Roger Waters came up with the idea for The Wall after Pink Floyd's 1977 tour. Over the next year, he developed the idea, and when the band reconvened, he had a 90-minute demo with just his voice and guitar to lay out his vision. With help from producer Bob Ezrin, Waters and the band expanded the songs and tied them all together with sound effects and musical transitions. Many of the songs changed drastically from Waters' demo, but "Mother" hewed close to the original. Other songs that remained pretty much intact include "Is There Anybody Out There?" and "Don't Leave Me Now."

Roger Waters took over most of the songwriting in Pink Floyd starting with their 1975 album Wish You Were Here. By the time they recorded The Wall, there was a great deal of tension in the band. They pulled off one more album (The Final Cut in 1983) before Waters left, which he assumed would be the end of the group. He was wrong. Gilmour and company carried on without him as Pink Floyd, releasing their first Waters-less album, A Momentary Lapse Of Reason, in 1987.

Waters wasn't done performing The Wall though. In 1990 he staged an ambitious concert in Berlin to celebrate the fall of the Berlin Wall, enlisting famous singers to help out. On "Mother," he was joined by Sinéad O'Connor and three members of The Band: Garth Hudson, Rick Danko and Levon Helm.

Pearl Jam performed "Mother" on September 30, 2011 as part of a week-long Pink Floyd tribute on Late Night with Jimmy Fallon. The Shins, Foo Fighters, MGMT, and Dierks Bentley all played Pink Floyd songs on the show that week.

Dixie Chicks lead singer Natalie Maines recorded a cover version in 2013 which was the title track to her first solo album. She decided to cover the song after hearing Roger Waters perform it on his The Wall Live tour, which ran 2010-2013. Waters loved her rendition, telling Rolling Stone, "I get goosebumps just talking about it."

"Goodbye Blue Sky" is part of Pink Floyd's seminal album The Wall, the creation of founding member Roger Waters. It's a concept album centered on the character Pink, who is in many ways an outcrop of Waters' psyche. The song finds Pink in early adolescence, already beset by fear in the aftermath of World War II in England ("Did you hear the falling bombs?"). He's getting ready to set out on his own, leaving behind any childhood innocence - the "blue sky."

On the vinyl version of the album, "Goodbye Blue Sky" is the first track on Side 2 (The Wall was a double album). In an interview around the album's release, Roger Waters described the song as being a recap of the first side of album one, summing up Pink's life to that point. As Waters says, in it's most simplistic form "it's remembering one's childhood and then getting ready to set off into the rest of one's life."

The child who says the line, "Look mummy, there's an airplane up in the sky" is Roger's son Harry, who was only two years old at the time.

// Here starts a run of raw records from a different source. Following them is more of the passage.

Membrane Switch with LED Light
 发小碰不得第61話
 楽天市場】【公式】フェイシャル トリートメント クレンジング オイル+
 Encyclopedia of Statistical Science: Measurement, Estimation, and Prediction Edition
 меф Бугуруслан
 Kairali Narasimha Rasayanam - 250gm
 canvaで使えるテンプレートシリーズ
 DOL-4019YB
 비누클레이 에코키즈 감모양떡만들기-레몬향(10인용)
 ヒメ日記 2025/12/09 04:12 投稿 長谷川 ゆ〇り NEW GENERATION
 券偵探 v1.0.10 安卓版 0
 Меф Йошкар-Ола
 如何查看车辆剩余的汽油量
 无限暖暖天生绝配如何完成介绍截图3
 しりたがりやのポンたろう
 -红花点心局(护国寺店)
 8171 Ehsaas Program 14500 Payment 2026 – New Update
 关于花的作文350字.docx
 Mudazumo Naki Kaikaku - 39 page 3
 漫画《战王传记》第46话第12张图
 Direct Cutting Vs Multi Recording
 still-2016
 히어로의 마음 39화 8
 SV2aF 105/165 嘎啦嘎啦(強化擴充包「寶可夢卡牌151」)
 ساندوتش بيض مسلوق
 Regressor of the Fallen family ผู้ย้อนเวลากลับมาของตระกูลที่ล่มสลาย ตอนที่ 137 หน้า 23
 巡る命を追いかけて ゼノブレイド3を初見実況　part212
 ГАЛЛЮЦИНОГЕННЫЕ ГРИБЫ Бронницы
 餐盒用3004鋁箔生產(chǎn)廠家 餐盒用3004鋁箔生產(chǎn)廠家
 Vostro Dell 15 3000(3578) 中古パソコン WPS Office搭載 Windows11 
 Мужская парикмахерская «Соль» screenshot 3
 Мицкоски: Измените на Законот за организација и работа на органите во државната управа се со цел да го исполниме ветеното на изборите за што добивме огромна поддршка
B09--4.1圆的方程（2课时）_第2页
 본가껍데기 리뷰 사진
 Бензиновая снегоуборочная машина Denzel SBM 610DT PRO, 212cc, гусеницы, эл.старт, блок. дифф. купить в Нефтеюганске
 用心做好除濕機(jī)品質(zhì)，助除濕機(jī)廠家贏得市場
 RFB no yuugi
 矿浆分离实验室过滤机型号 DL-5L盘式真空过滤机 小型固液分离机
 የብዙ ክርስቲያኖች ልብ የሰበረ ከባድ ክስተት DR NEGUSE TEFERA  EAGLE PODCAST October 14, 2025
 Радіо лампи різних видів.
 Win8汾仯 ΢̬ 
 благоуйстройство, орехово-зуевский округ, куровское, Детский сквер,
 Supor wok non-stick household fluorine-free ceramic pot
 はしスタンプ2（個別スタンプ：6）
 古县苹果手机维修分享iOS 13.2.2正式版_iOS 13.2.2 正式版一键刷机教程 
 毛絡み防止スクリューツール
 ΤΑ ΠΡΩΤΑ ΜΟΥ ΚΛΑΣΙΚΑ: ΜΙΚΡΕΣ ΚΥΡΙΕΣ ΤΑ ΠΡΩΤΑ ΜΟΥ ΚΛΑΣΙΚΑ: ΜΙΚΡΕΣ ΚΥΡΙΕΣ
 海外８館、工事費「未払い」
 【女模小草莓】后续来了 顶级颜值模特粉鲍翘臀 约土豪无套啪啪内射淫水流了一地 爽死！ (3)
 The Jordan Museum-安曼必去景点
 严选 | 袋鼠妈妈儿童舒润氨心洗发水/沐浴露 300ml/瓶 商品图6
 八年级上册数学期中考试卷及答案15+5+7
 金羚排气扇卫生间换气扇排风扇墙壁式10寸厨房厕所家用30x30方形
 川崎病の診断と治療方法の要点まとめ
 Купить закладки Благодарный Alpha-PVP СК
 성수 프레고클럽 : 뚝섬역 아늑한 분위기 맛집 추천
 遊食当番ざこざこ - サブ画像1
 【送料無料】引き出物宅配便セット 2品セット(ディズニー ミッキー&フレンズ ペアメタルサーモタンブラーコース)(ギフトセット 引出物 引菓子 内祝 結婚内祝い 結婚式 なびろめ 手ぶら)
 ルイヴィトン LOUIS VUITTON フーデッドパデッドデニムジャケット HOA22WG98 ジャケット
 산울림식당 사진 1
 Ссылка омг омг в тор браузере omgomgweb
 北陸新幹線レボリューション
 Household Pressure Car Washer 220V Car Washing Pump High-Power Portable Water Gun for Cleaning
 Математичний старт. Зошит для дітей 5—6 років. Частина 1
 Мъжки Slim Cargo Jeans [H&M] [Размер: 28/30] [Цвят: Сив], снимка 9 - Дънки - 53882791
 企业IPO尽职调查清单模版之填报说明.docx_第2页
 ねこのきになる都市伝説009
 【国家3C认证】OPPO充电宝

Harry, like his father, also became a musician.

The lead vocal on this one is by Pink Floyd guitarist David Gilmour, who in various spots on the album shows up as the voice of someone addressing Pink. For instance, he's the voice of Pink's mum in "Mother."

The Wall was adapted into an movie in 1982 starring Bob Geldof as Pink. "Goodbye Blue Sky" plays in one of the many sequences animated by Gerald Scarfe. The sequence starts with a dove transforming into a vulture and ends with a cross dripping blood - scary stuff!

Roger Waters left Pink Floyd in 1985 but that didn't stop him from performing The Wall in Berlin in 1990 after the Berlin Wall fell. He used guest vocalists to fill David Gilmour's parts. For "Goodbye Blue Sky" he got a good one: Joni Mitchell.

Waters did an entire tour for the album that ran from 2010 to 2013.